WerWolv / ImHex

🔍 A Hex Editor for Reverse Engineers, Programmers and people who value their retinas when working at 3 AM.
https://imhex.werwolv.net
GNU General Public License v2.0
42.81k stars 1.88k forks source link

[Feature] Custom Encoding String Search #436

Closed madsiur closed 1 week ago

madsiur commented 2 years ago

What feature would you like to see?

I've been using ImHex for romhacking and really like the custom encoding feature. However I'd like to see a string search function for the custom encoding we use. Let's say we use a custom encoding covering all letters, here's a snippet of it:

81=b 8F=o FF=[end]

Searching for the "bob[end]" string would be like searching in hex for 818F81FF.

Thanks again for your awesome work on ImHex!

How will this feature be useful to you and others?

-Custom encoding string search is useful for reverse engineering old games and making fan translations.

Request Type

KillyMXI commented 2 years ago

Would it make sense to write a pattern for that ROM structure? I guess the knowledge about this encoding can be incorporated in the pattern and you will be able to see your strings. (Hmm. Being able to filter pattern data based on value column would be handy then.) Or it might be too much to reverse engineer compared to the goal?


I think what's currently missing is a way to make a custom encoding/decoding in the data processor. There are only a couple very specific decoders at the moment.

I guess a simple byte-to-byte mapping block (or a tool) won't be difficult but I suspect in reality more and more complex encodings will keep coming. Thinking about universal implementation though, not sure what would be the best way to approach it. This is actually where embedded scripting can come in handy...

There were some discussion in Discord about ideas that would allow to use patterns for complex data processing... (Another case with encoded data that requires a layer of indirection/preprocessing.)

And then there needs to be more ways to do something with the produced data in the data processor. I'm not sure yet what "Write" block does - seems unsafe. Display block for short buffers would be handy. A block that can output to a file with given name would be handy (with a way to quick open that file).

A wild idea - A "lens" view parallel and in sync with the hex editor view that will contain the result of the encoding/decoding procedure. Albeit it seems to be difficult to implement, since encoded/decoded data size don't have to match.

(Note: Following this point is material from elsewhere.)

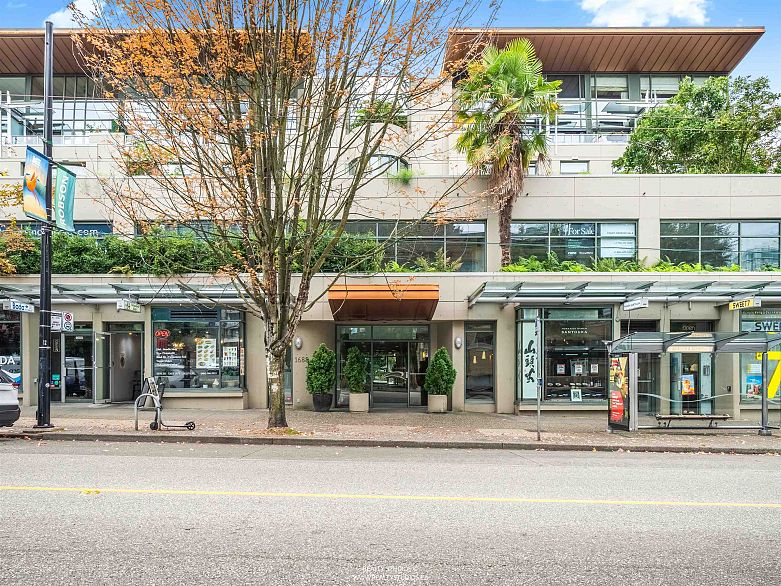 303 1688 Robson Street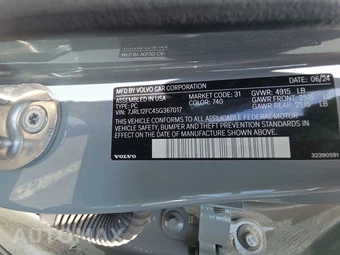 2025 Volvo S60 B5 Plus Dark - miniatura 14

madsiur commented 2 years ago

I have not looked at the pattern feature yet but if we can look for strings (or see a list of them) that way then it would probably accomplish the goal. Right now I know where most of the strings are in my ROM so I can just go to those offsets with a custom encoding loaded and see them. There are scenarios where you have some string figured out and a custom enconding reverse engineered but there a others non-located string in the ROM you could find by seaching for text you see in-game.

A hex editor that a lot of translators use is called Windhex, it has custom table support and the feature I first described but it has some downsides so I was hoping ImHex could be a good replacement for it.

Edit: I could see the feature becoming more complex like you described, for example the custom enconding could have some control code for game item names like 1F=[item],1 which would translate as 1F00 to 1FFF. I'm not sure how searching for that as a string would work.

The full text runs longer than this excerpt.